The account of this claim by Zardari has been elaborately reproduced by Bob Woodward, on Page 116 of his famous book Obama’s Wars. The revelation could throw a lot of light on the complex relations between the Zardari-led PPP government which US officials believe is incompetent and the disillusioned US diplomats.

Zardari received this information from President Karzai and passed it on to Khalilzad which also reveals how important the Pakistani president thinks Karzai’s views are, though the Americans consider him a liability.

These views of Karzai and Zardari were considered by the US side as maverick and strengthened their impression that both these leaders and their governments were non-serious players and according to Khalilzad “dysfunctional.”

The Woodward account goes like this: “One evening during the trilateral summit (in Washington, between Obama, Karzai and Zardari) Zardari had dinner with Zalmay Khalilzad, the 58-year-old former US ambassador to Afghanistan, Iraq and the UN, during the Bush presidency.

“Zardari dropped his diplomatic guard. He suggested that one of the two countries was arranging the attacks by the Pakistani Taliban inside his country: India or the US. Zardari didn’t think India could be that clever, but the US could. Karzai had told him the US was behind the attacks, confirming the claims made by the Pakistani ISI.

“Mr President,” Khalilzad said, “what would we gain from doing this? You explain the logic to me.” “This was a plot to destabilize Pakistan, Zardari hypothesized, so that the US could invade and seize its nuclear weapons. He could not explain the rapid expansion in violence otherwise. And the CIA had not pursued the leaders of the Pakistani Taliban, a group known as Tehrik-e-Taliban-e-Pakistan or TTP that had attacked the government. TTP was also blamed for the assassination of Zardari’s wife, Benazir Bhutto.”

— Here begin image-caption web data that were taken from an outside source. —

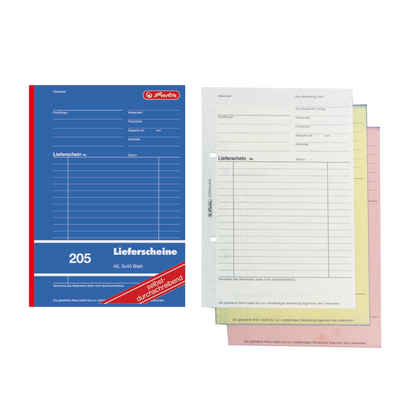 Herlitz Geschäftspapier Herlitz Lieferscheinbuch 205 / A5 / 3x 40 Blatt / selbstdurchschreiben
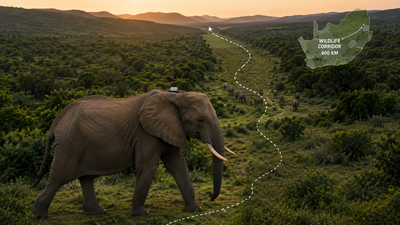 South Africa’s wildlife corridor was broken for decades, but one female elephant is now helping reconnect a 400-km route through the forest
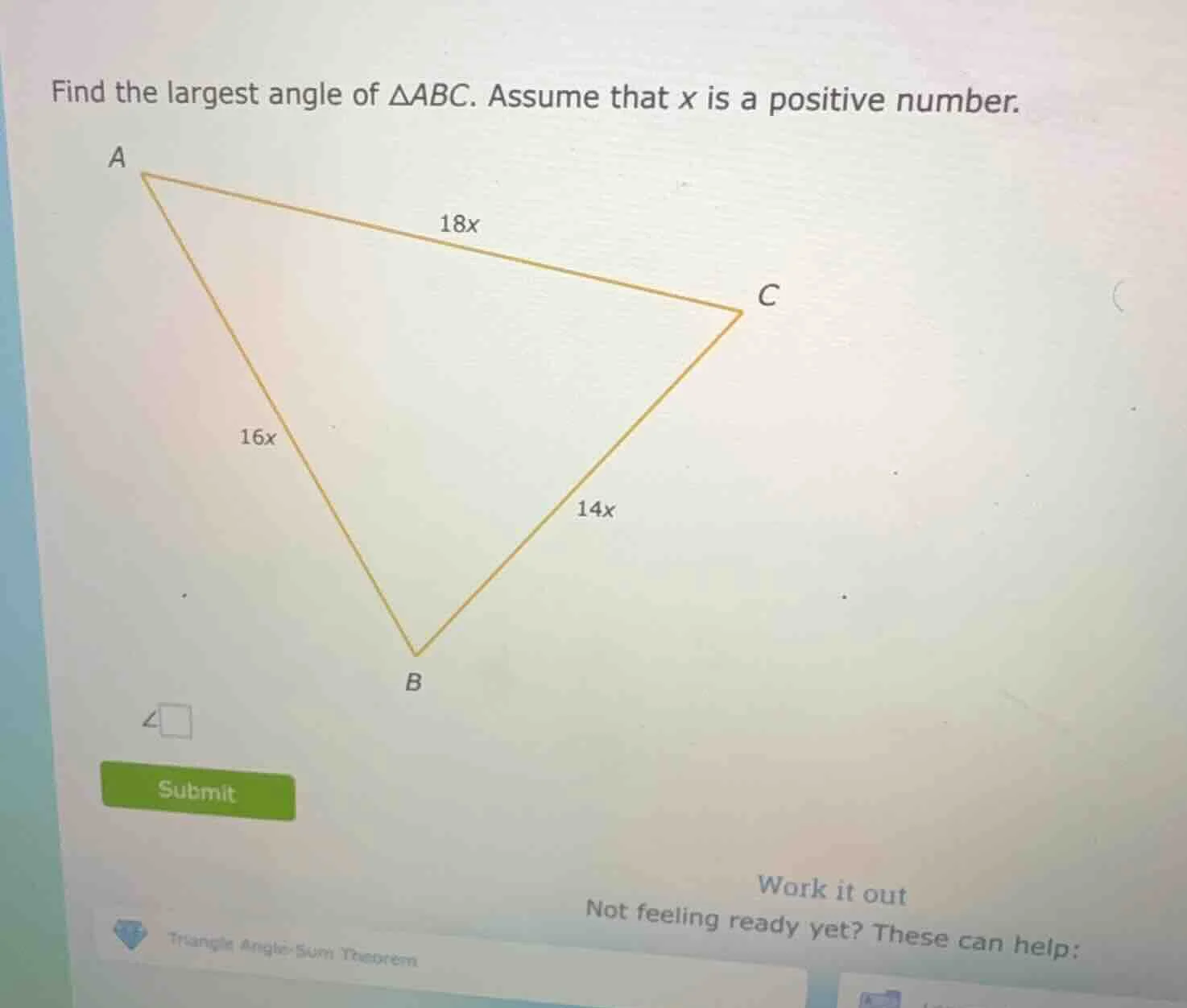 find the largest angle of $\\triangle abc$. assume that $x$ is a positi…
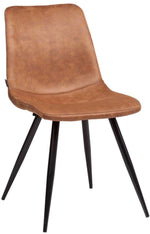 Lade das Bild in den Galerie-Viewer, Kunstleder Stuhl Spoty in 3 Farben Cognac-Braun Taupe Stahlgrau
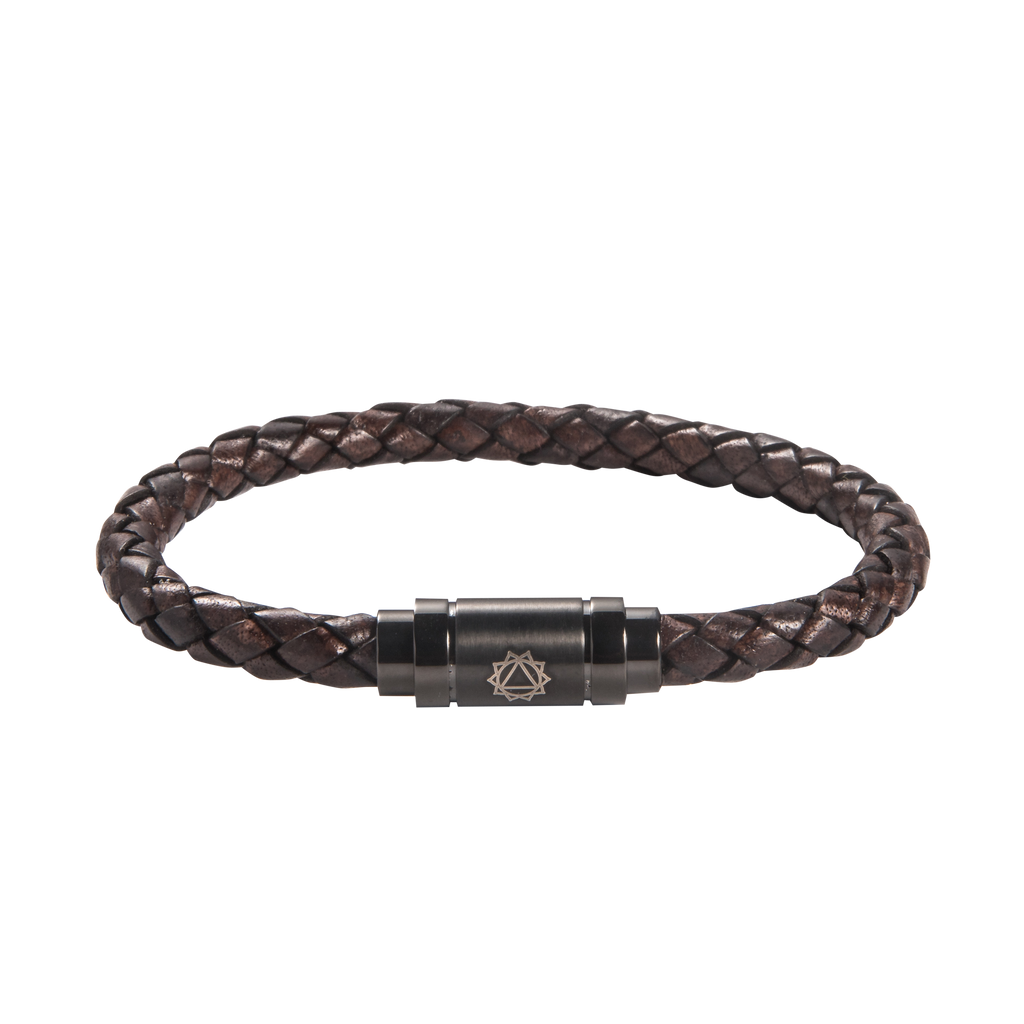 Solar Plexus Chakra Leather Bracelet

“We give you targets of Taliban people you don’t go after,” Zardari said. “You go after other areas. We’re puzzled,” Woodward quoted him. But the drones were primarily meant to hunt down members of al Qaeda and Afghan insurgents, not the Pakistan Taliban, Khalilzad responded.

“But the Taliban movement is tied to al Qaeda, Zardari said, so by not attacking the targets recommended by Pakistan the US had revealed its support of the TTP. The CIA at one time had even worked with the group’s leader, Baitullah Mehsud, Zardari asserted.”

Woodward reports: “Khalilzad listened calmly, even though the claims struck him as madness. The US was using the Taliban to topple the Pakistani government? Ridiculous. But Khalilzad knew Afghanistan’s President Karzai also believed in this conspiracy theory, more evidence that this region of the world and its leaders were dysfunctional.”

“Despite Zardari’s claims, Pakistani government officials had received top secret CIA briefings about drone attacks against Baitullah Mehsud’s TTP. A March 12, 2009 attack against a Mehsud compound killed more than two dozen militants, who quickly retrieved the remains of their fallen comrades. And on April 1, another five militants linked to Mehsud, including an al Qaeda trainer, died in a drone strike, according to a CIA briefing given to Pakistan in April.”

This account by Bob Woodward, although old, reveals how initially Zardari and his strategists viewed and tackled the suicide attacks inside Pakistan.

Woodward does not mention, at least in this particular account on pages 116 and 117 that Baitullah Mehsud was later killed by US drone attacks and the theory of Zardari that US was arranging the Taliban attacks inside Pakistan was nothing but hot air. But it is also not clear whether Zardari’s strong conspiracy theory forced the US strategists and CIA to start attacking the Pakistan Taliban and prove him wrong.